Kamonoha World

日々の研究や日常の一部、読んだもののノート的なものです。メタ倫理学が中心です。

Yair Levy. Intentional Action First. 2013

Williamsonが認識論において行ったknowledge firstのプロジェクトを行為論においても行うべきであるとの主張.意図的な行為は分析不可能なものであり,意図的な行為によって,行為論において議論されている様々な考え,たとえば行為(action)や自発性(voluntariness)も説明できる,という提案.Davidson依頼,行為は心的状態と身体的動作の組み合わせだと思われてきたが,Levyの提案はこのようなスタンダードな考えへの反論.

Anscombeの問い(Intention第5節):意図的な行為と単なる身体的な動作の違いは何か?

理由?:意図的でない身体的な動作も何らかの理由に沿ってなされている場合がある.狼を見て身構えたとして,これは意図的な行為ではないかもしれないが,本能的に身を護るための動作という理由はありそう.

還元的な答え:意図的な行為が特徴的に持つ物理的,心的要素を明らかにする.身体的動作+意図 or 欲求 + 信念.心的状態が行為の(動機的)理由.とっさの行動には,意図やそうしたいという欲求はない.だから,理由に沿って為された行為ではない,と言うことできる.

還元主義の課題:単に意図や欲求,そして動作があったからといって,意図的な行為が常にあるとは限らない.意図や欲求によってその動作が発生していなければならない.だが,この両者の関係を説明することは簡単な事ではない.
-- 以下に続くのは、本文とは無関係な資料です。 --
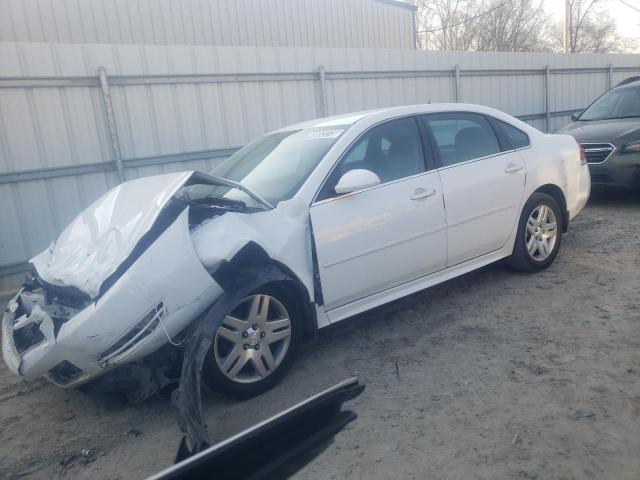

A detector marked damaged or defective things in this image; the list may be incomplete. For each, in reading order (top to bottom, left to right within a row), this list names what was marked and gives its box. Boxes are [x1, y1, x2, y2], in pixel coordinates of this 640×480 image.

damaged front bumper [1, 210, 222, 390]
crumpled hood [32, 172, 192, 300]
headlight area damage [1, 171, 310, 448]
exposed wheel well [211, 242, 318, 340]
damaged white car [1, 104, 592, 398]
exposed wheel well [532, 184, 568, 232]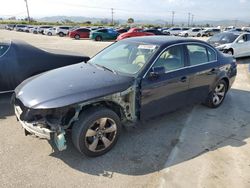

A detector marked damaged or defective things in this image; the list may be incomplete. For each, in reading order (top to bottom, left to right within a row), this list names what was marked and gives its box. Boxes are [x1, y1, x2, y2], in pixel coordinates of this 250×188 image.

crumpled front bumper [14, 104, 53, 140]
damaged black sedan [13, 36, 236, 156]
還元主義の典型:因果説.心的状態は行為を引き起こす.

逸脱した因果連鎖の問題(deviant causal chains):Davidsonの登山家の例など.たしかに意図したことが起こったが,それが意図的な行為とは呼べないような事例がある.

逸脱因果の問題を解決するために,様々な修正が行われてきた.だが,そもそも因果とは何かということに関して大きな問いがあるため,この修正はなかなか実質的に進められない.
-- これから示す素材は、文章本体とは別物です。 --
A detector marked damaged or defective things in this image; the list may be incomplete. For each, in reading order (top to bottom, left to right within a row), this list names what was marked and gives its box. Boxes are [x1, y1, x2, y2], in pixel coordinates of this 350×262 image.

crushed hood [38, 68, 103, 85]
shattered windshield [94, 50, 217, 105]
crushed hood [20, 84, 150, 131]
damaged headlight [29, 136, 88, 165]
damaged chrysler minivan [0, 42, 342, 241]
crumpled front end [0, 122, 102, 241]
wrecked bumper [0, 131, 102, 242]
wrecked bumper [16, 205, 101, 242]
*目的論的な説明?→因果説と両立すると思われる.目的論によると,ある人が意図的に行為したのは,その人が何かの目的のために行為した時.そのような目的に関する信念や意志などが,行為を引き起こした,と考えることができる.

行為者因果(agent causation)も同じような理由であまり関係ない.

認識論においても同じような還元的な試みがなされ,それが困難に陥っていた.ゲティアー問題を解決させる正当化と真理の関係を説明するのは難しい仕事.

認識論におけるWilliamsonの提案:知識を他の認識論的な考えによって分析・説明するのではなく,知識によって他の認識的な考えを説明・分析する.
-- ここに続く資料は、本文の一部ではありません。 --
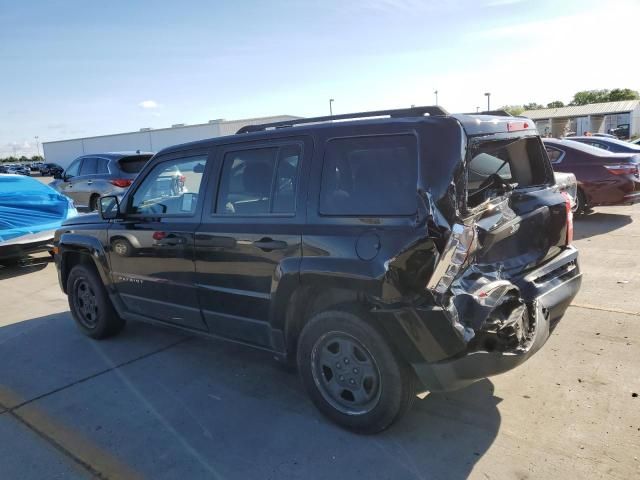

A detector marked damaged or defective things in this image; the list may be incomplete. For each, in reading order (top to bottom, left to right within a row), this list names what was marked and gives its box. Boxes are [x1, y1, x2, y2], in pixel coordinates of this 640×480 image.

broken taillight [428, 223, 478, 294]
damaged rear bumper [380, 246, 584, 392]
因果説のもう1つの問題(Lavin, Must There be Basic Actions?):因果説によれば,因果的行為が基礎的な行為とされる.因果説は,家を建てる,といった時間的に先行して起こった行為がない目的論的に基礎的な行為が何か説明する必要があるが,そのような基礎的な行為はないとする考えもある.

*目的論的に基礎的な行為と,因果的に基礎的な行為の関係をどのように考えるか.もし前者を後者によって還元することができるならば,因果説の支持者はLavinの反論に答えることができる.だが,Levyの反論はこの論争に依らない.

Levyによる説明項としての意図的な行為の擁護:

Levyは単に自発的な行為(merely voluntary action)なるものが通常の議論において見過ごされていると主張する.

自発性を志向性(intentionality)と同一視する傾向に対して:意図的な行為とは言えないが,自発性は持っているものが様々に考えられる.何かを始めたものの目的を忘れてしまった場合,誤って下を噛んでしまった,誤って誰かの足を踏んでしまった,髪の毛をとかす,など.これらは何かの目的のために行われているわけではないが(意図的ではない),これらの行為を行う際,我々は完全に意識的である.

多くの論者は,行為は何かの理由のために行われるもの,という想定をしている.しかし,上のような単に自発的な行為は,理由のために行われたものとは言い難い.

Levyによる行為の説:Aが行為者Sによる行為であるのは,必然的に,以下の場合,かつ以下の場合のみ,である.SはAをすることに含まれている動作を意図的にやめたり,続けたりすることができる能力(capacity)を持っている.

この説によると,ある動作のタイプ(歩く,話す,ウィンクをする)などは,場合によっては行為になり,場合によっては行為ではないということになる.つまり,あるタイプの動作が常に行為とはならない,という考えである(行為の個別主義とでも言うべきか・・・).